Komprise adds global unstructured data search and subset move

Komprise has introduced Deep Analytics Actions (KDAA), a product which provides a systematic way to find specific data across hybrid cloud storage silos and can move a subset of data to data pipelines. 

KDAA is a managed hybrid cloud service. It builds a global file index, stored in the public cloud, by indexing data in-place across file, object and cloud data storage and can thereby look into the index to search petabytes of unstructured data distributed across multiple silos and locations. It enables Komprise to compete with suppliers such as OneSync and Rubrik, with its acquired Igneous technology.

Matt Madill, senior storage administrator at Komprise customer Duquesne University, said: “Different research groups have unique requirements which users can support with tagging so that those data sets can not only be discovered easily but they can apply the appropriate data management policies to them for long-term storage. We’ll be able to give users the power to have better control of their data and let us know what to archive and when.” 

The action part of this is KDAA can create a virtual data set based on a query and systematically and continuously move data from multiple file and object silos to a target location.

Komprise diagram.

For example, researchers at a pharmaceutical company can query and extract the files related to a specific experiment generated by a set of researchers, when these files might be a small part of petabytes of research and other scattered across datacentres and clouds. They can then import this virtual data set into a data lake or data warehouse for further analysis. 

Komprise says they can move smaller subsets of data than otherwise into data lakes and warehouses for analysis, which speeds data lake/warehouse load time and hopefully speeds the analytics runs as well — since there is less data to analyse.

Kumar Goswami, co-founder and CEO of Komprise, said: “With Komprise Deep Analytics Actions, departmental users can maximise the business value of their unstructured data by leveraging their domain knowledge to cull and find the right data sets to operate on across all their silos.

KDAA screen grab.

The global indexing is at file and object metadata level, not content level. That means users can create queries on file attributes and tags such as: data related to a specific tag or project name, inactive projects, file age, user/group ID’s, path, file type (aka JPEG) and specific extensions, and data with unknown owners.

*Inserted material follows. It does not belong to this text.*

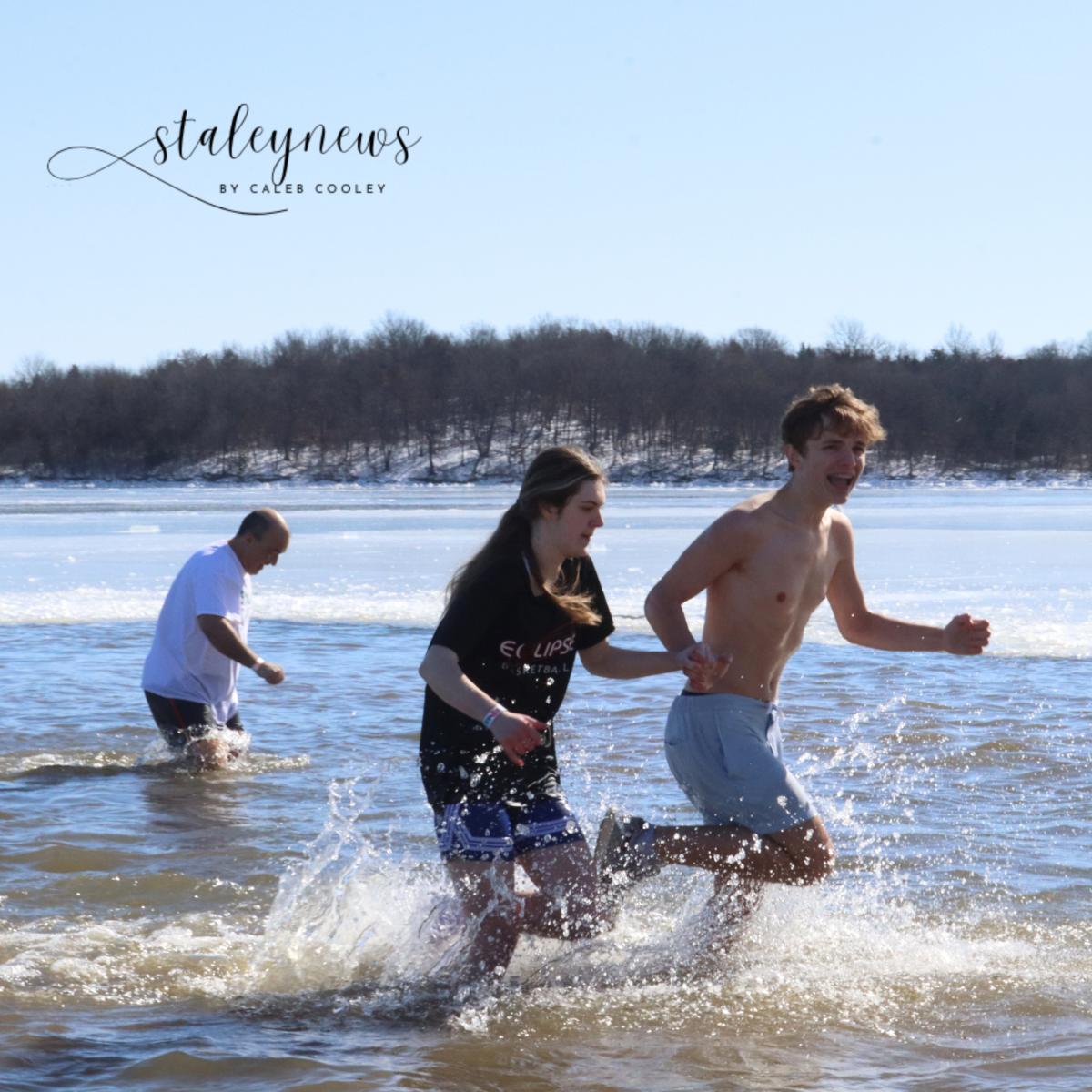 Polar Plungers Run Into Lake For Special Olympics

Tags are what data owners and users can add as custom metadata. Unlike automatic metadata generated by a file or object system this is not necessarily systematic and certainly not automatic. It can be, as KDAA can be set up to add tags based on an unstructured data item’s characteristics.

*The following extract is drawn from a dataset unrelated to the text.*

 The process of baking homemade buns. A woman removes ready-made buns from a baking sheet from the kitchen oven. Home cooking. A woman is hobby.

Users could maximise the business value of unstructured data even more if they could search inside it — run a content-level search.

Check out Komprise’s KDAA web pages to learn more.


Automated content indexing requires the content indexing system to look inside a file or object and recognise words that are relevant and not articles or pronouns or other relatively content-free items. A book indexer basically looks for nouns (array) and names (Komprise) and actions (eg versioning). An automated content indexer would have to be able to recognise such words in a file or object and then list them as content metadata items for that file or object.

Such content-level indexing runs would need a huge amount of storage I/O and many processing cycles.

A content-level metadata list could be huge. A 350-page book could easily have a 550-item content index. With a million text files a content index could hold hundreds of millions of entries. An automated indexer in effect builds up a massive quasi-dictionary or key:value store in which words (keys) are listed but not explained. Instead they have references to their use in a file or object (values).

If that existed then a content-level search could be run in the same way as KDAA searches file and object metadata today.